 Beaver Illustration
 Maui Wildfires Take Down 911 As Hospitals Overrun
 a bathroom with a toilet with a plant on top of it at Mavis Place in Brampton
• • • • •
* _Requirement_:
Nothing should appear in the answer except the lines from the one containing "Maui Wildfires Take" to the end of the data above, reproduced exactly.

* _Exercise response_:
 Maui Wildfires Take Down 911 As Hospitals Overrun
 a bathroom with a toilet with a plant on top of it at Mavis Place in Brampton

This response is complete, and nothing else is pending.